Plot data is essential for analyses of species composition across space and through time. Our plot data will be uploaded into ForestPlots.net (Lopez-Gonzalez et al. 2011), a pantropical network of tree plots which facilitates studies that investigate patterns of tree species composition and diversity. Data on tree-level liana infestation, sun exposure, and crown damage in 1-ha plots is scarce in tropical montane cloud forests, so our plot will be useful when doing cross-site examinations of these variables.
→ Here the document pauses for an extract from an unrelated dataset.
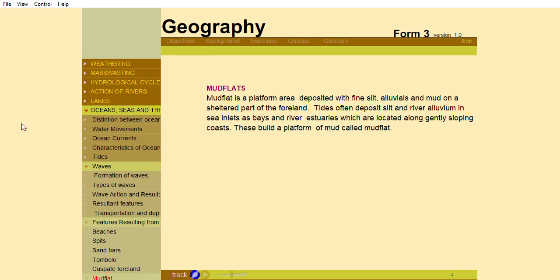Tides often deposit silt and river alluvium in sea inlets as bays and river estuaries which are located along gently sloping coasts. These build a platform of mud called Mud Flats.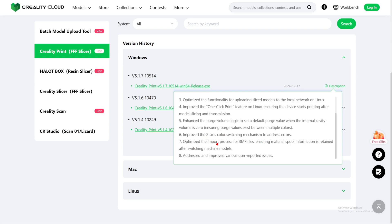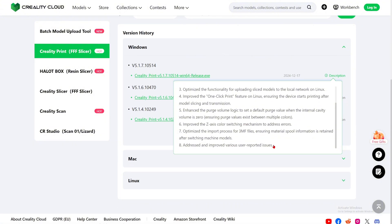Number six: improve the Z-axis color switching mechanism to address errors. Number seven: optimize the import process for 3MF files, ensuring material spool information is retained after switching machine models. Maybe if you import a 3MF file and print with it, all your material spool information carries over correctly. Number eight: addressed and improved various user-reported issues — it's good that Creality is listening to users and fixing the errors they face.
We plan to do a full recensus of the plot in 2028 and every 5 years thereafter in order to characterize compositional changes and calculate growth and mortality rates through time.

Data on the structure and composition of trees such as those presented here are important components of earth systems modeling. Indeed, forest plots help to inform and calibrate remote sensing estimations of aboveground biomass and carbon sequestration (Chave et al. 2019). Thus, our ground-based data can be used in future studies that estimate biomass on large spatial scales using remote sensing techniques.

Some species in our dataset are rare, endangered, and/or endemic (e.g., Pouteria espinae, the most common species in the plot) to the SNSM. Therefore, the occurrence data (and future growth, mortality, and recruitment data) of these species can be useful for their management, for protection, and for future assessments for the Red List of the International Union for the Conservation of Nature (IUCN).